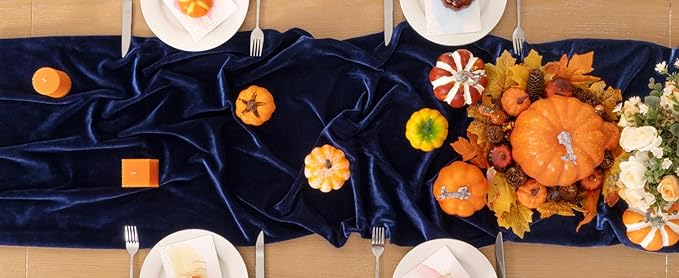 Navy Blue Velvet Table Runner 3 Pack Fall Thanksgiving Navy Table Runners 20 x - Image 6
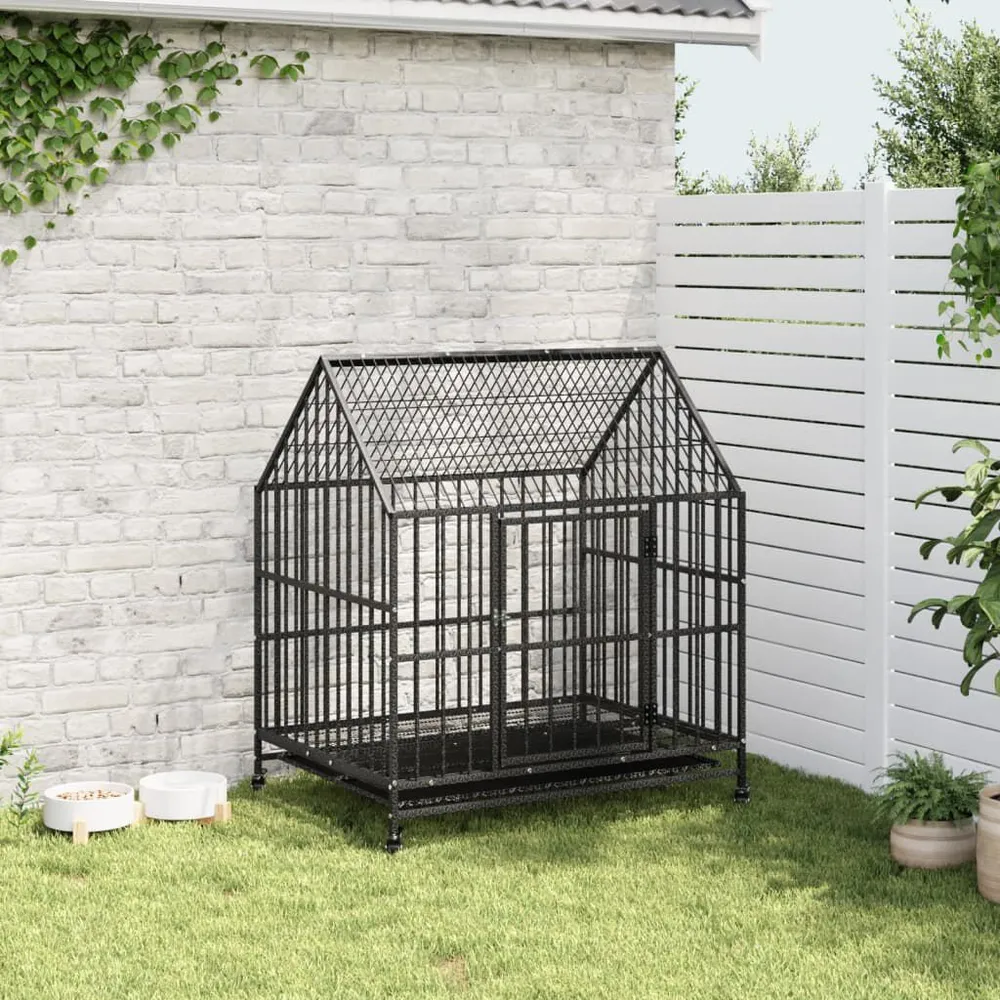 Jaula para cão com rodas ço galvanizado preto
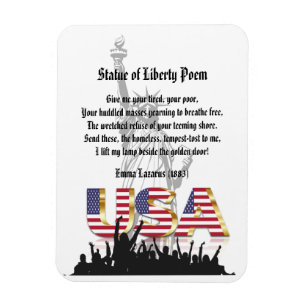 Imán Poema de la Estatua de la Libertad, una nación de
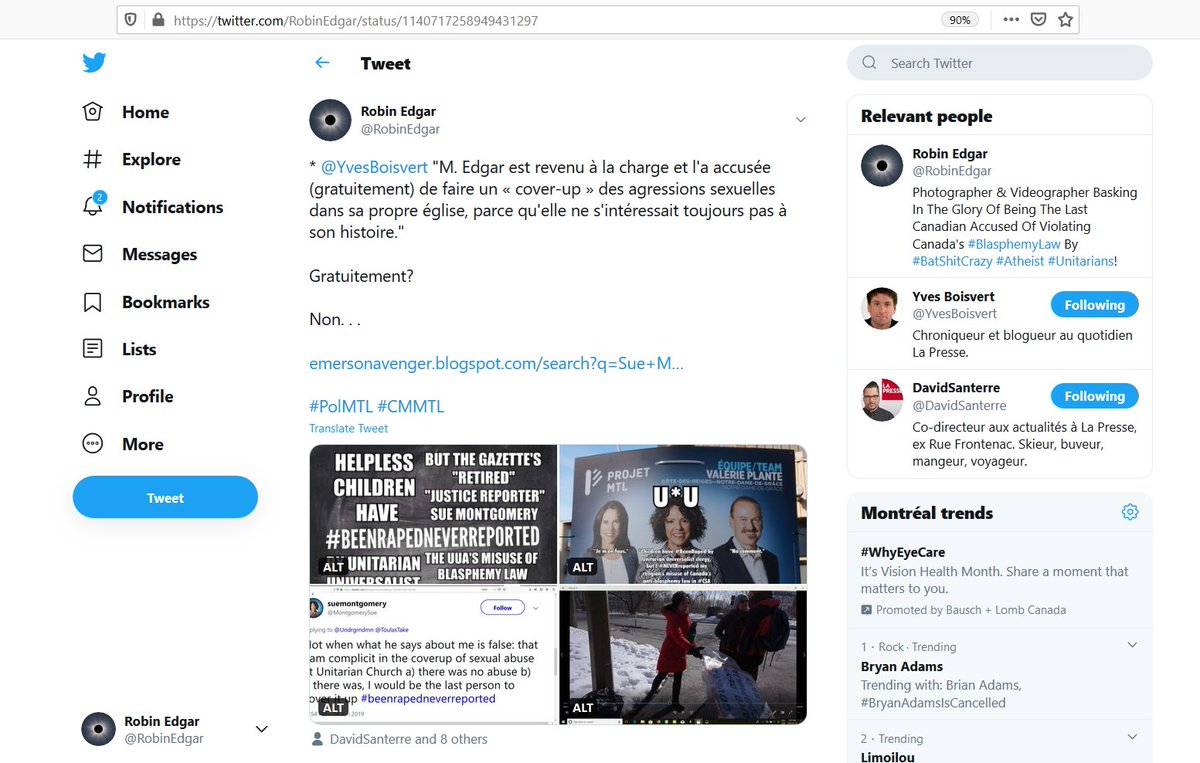 RobinEdgar's tweet photo. @DawsonMyrna Not one "journalist" has properly reported #TheOtherSideOfTheStory of my alleged #CriminalHarassment of Sue Montgomery. My "harassment" consists of #PublicCriticism & #PeacefulPublicProtest of her #complicity in @UUA #ChildSexAbuse #CoverUp & #Denial.
#UUA #CSA #CDNmediaFAILed https://t.co/92t1qCuXPm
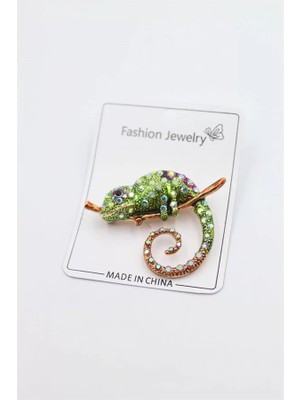 Bukalemun Broş - Yeşil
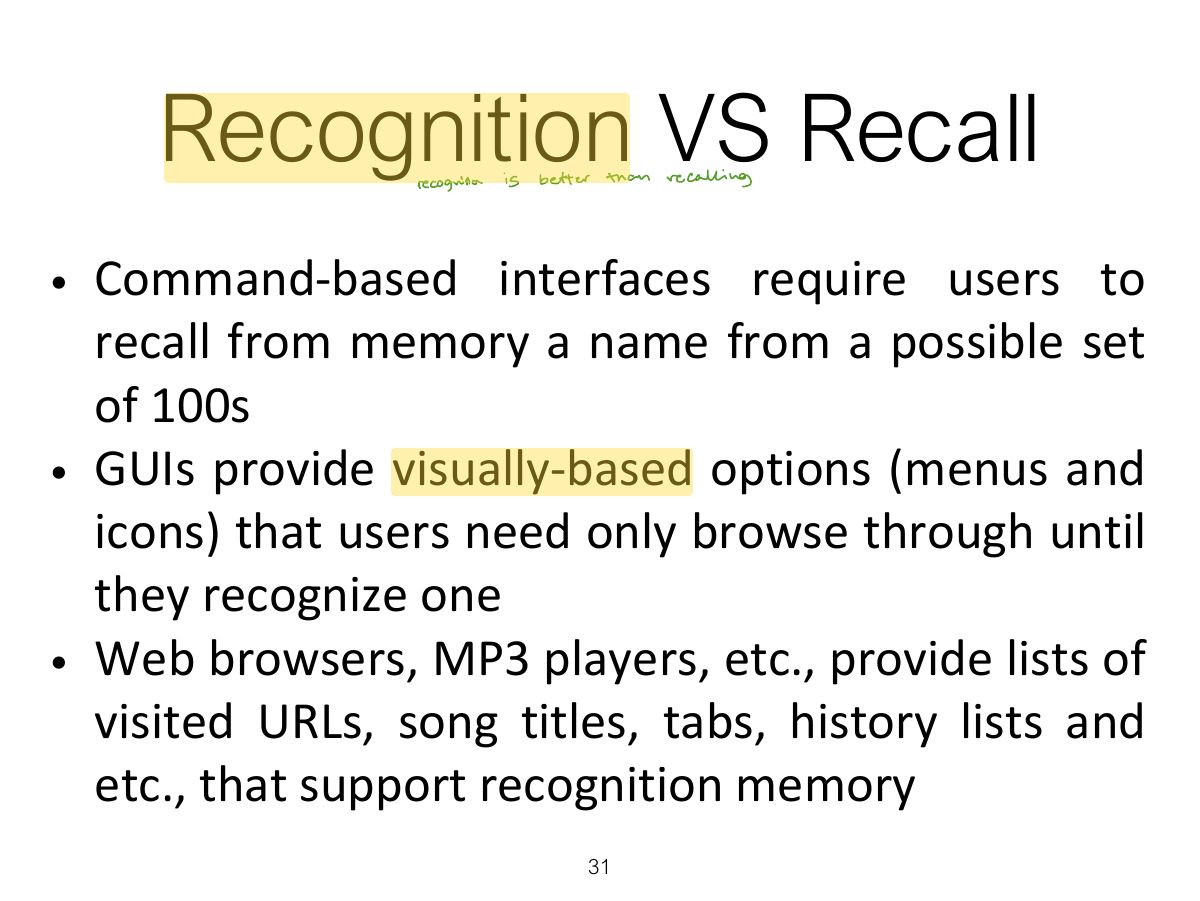 Slide 31: Recognition VS Recall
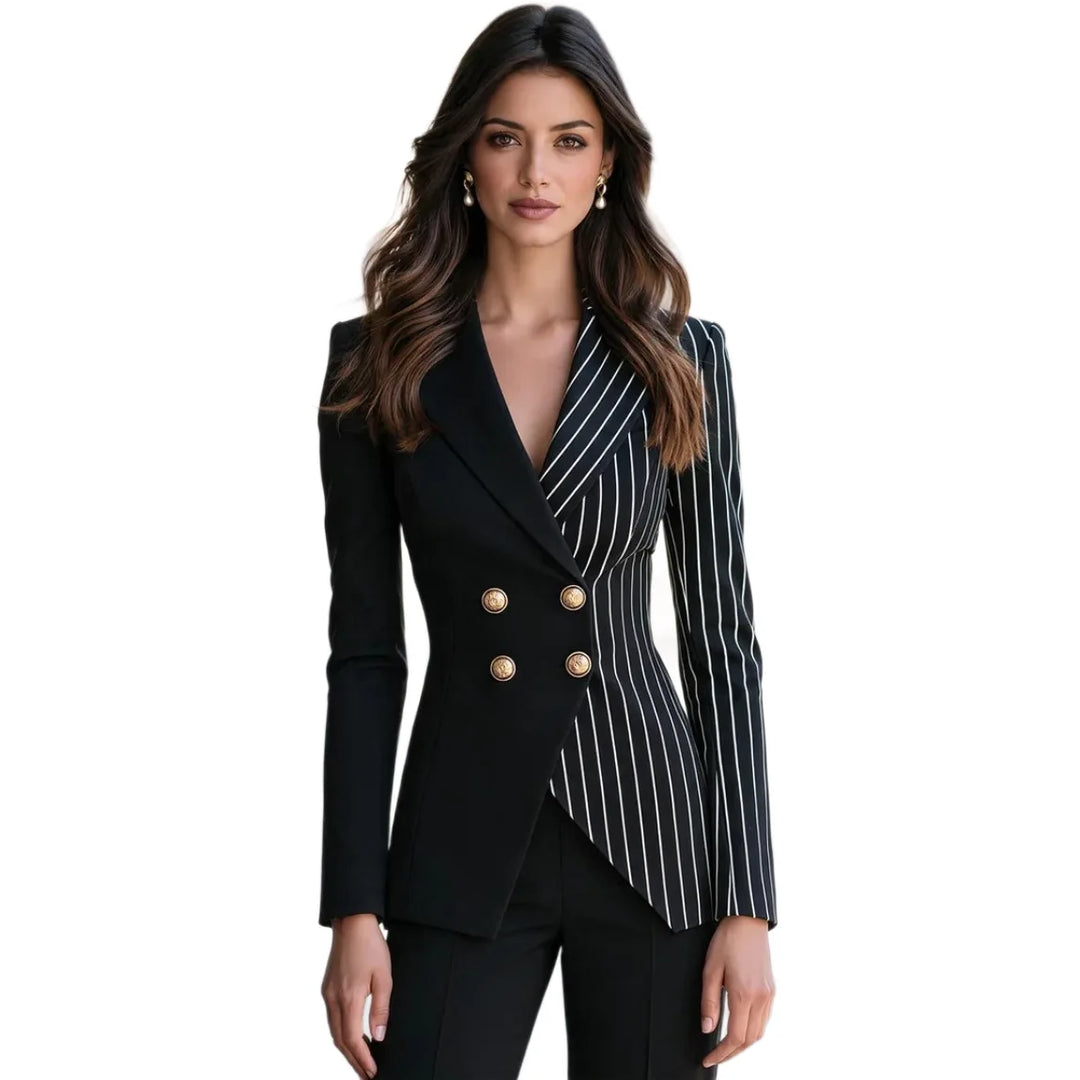 Woman wearing black pinstripe panel double breasted blazer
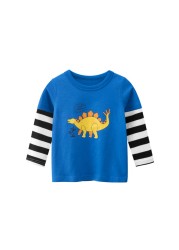 2022 New Kids Solid Cotton Long Sleeve T-shirt Tops Boys Girls Cute Animal Print Tees 2 3 4 5 6 7 8 Years Children Tops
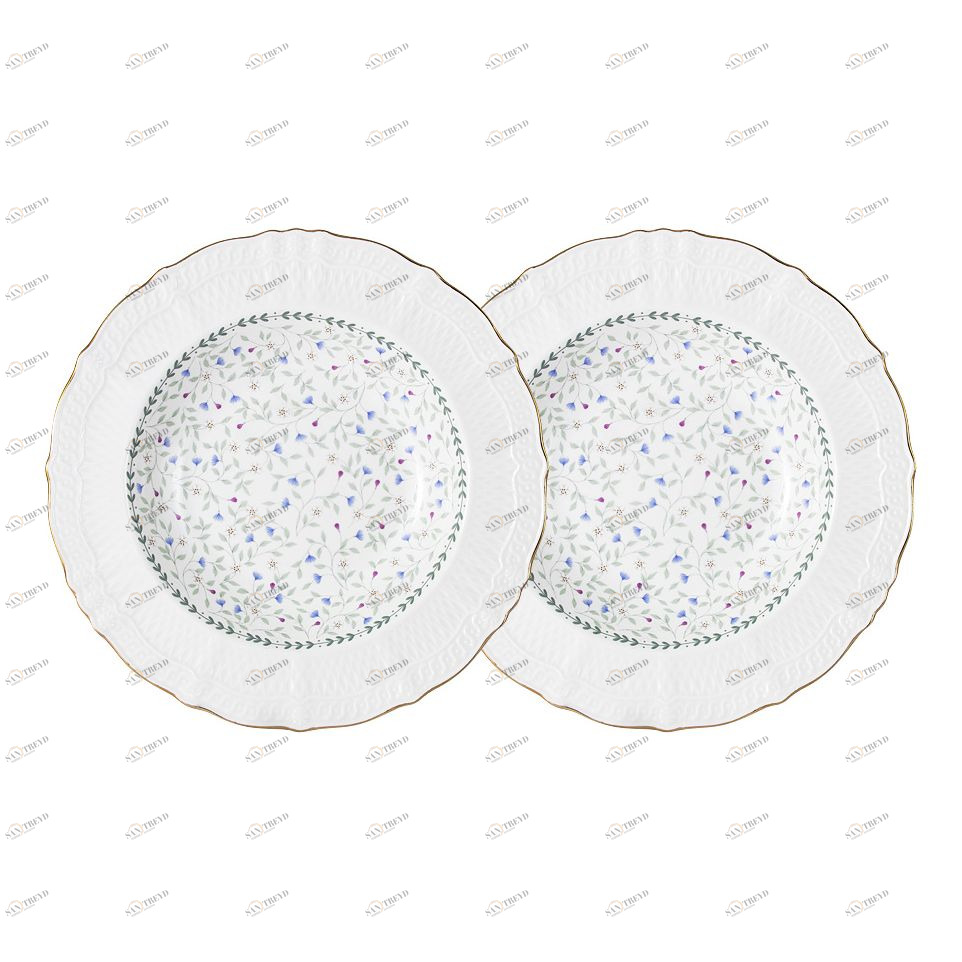 Тарелки фарфоровые суповые 2 шт белые "Грация" COLOMBO ГРАЦИЯ 00-3946484 Белый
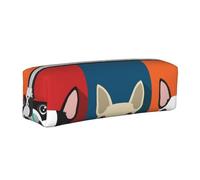 FUkker Astuccio portapenne, astuccio portapenne in pelle, astuccio portapenne, organizer per cancelleria, astuccio portapenne, Stampa colorata Boston Terrier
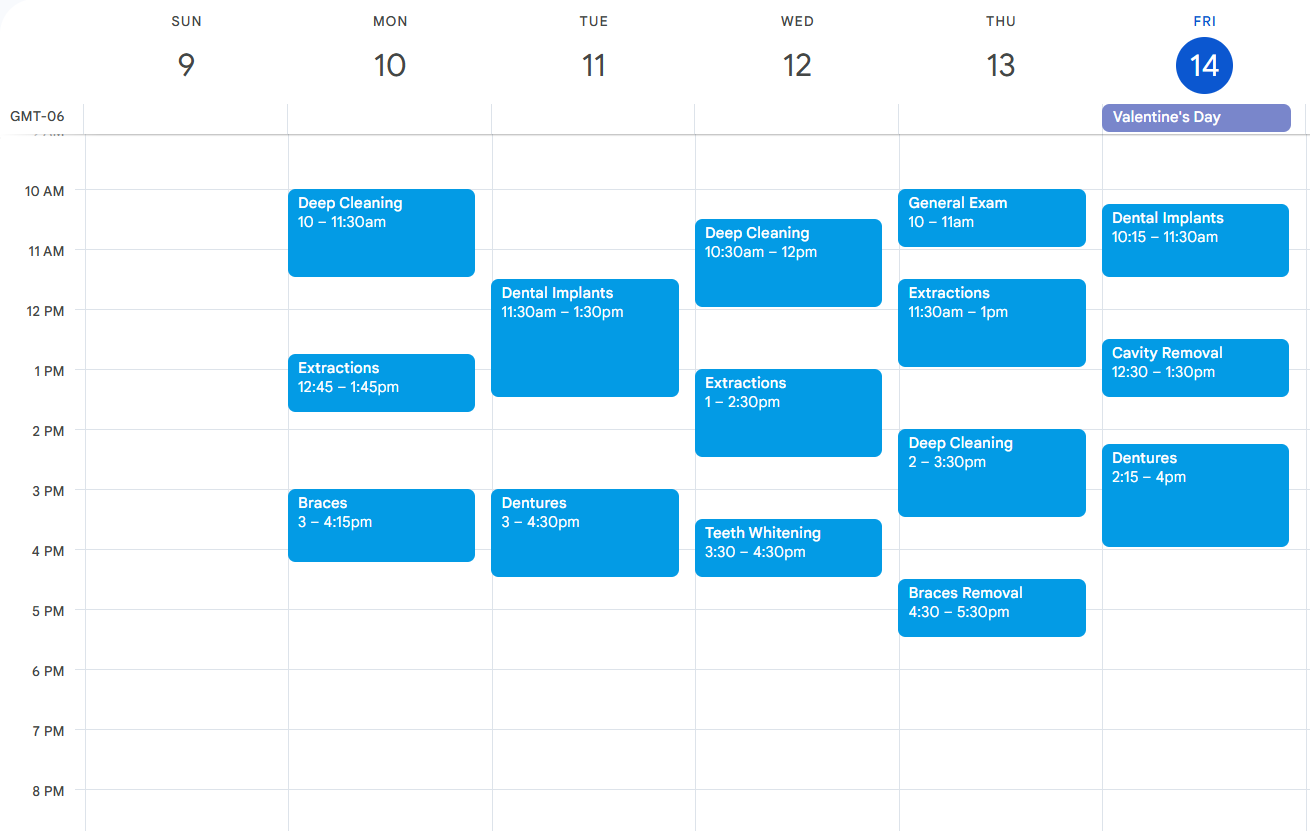 dental calendar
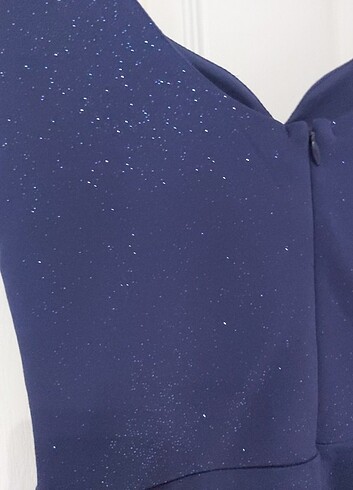 s Beden Koton Party Wear Lacivert Askılı Mini Elbise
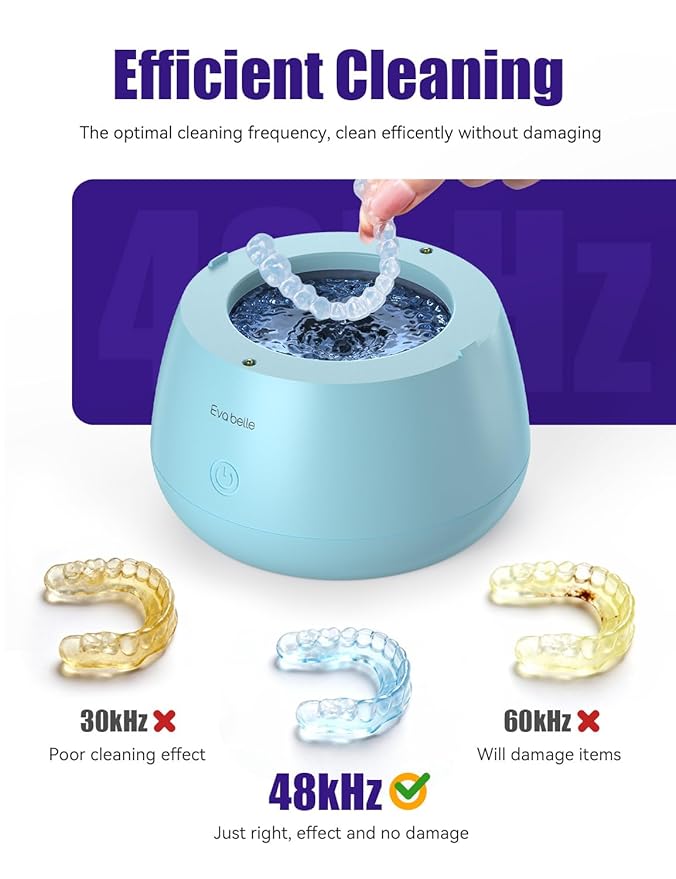 Ultrasonic Retainer Cleaner, EVA BELLE Denture Retainer Cleaner Machine, Tooth Cleaner for Oral Dental Care, Portable Rechargeable Dental Cleaning Pod for Night Guards, Braces, Aligner, Jewelry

---+---

**Task goal:** Every line above in the stretch from the one with "Woman wearing black" through the one with "Тарелки фарфоровые суповые" is to be transcribed exactly, ends included. No picture is copied.

**Response box:**
 Woman wearing black pinstripe panel double breasted blazer
 2022 New Kids Solid Cotton Long Sleeve T-shirt Tops Boys Girls Cute Animal Print Tees 2 3 4 5 6 7 8 Years Children Tops
 Тарелки фарфоровые суповые 2 шт белые "Грация" COLOMBO ГРАЦИЯ 00-3946484 Белый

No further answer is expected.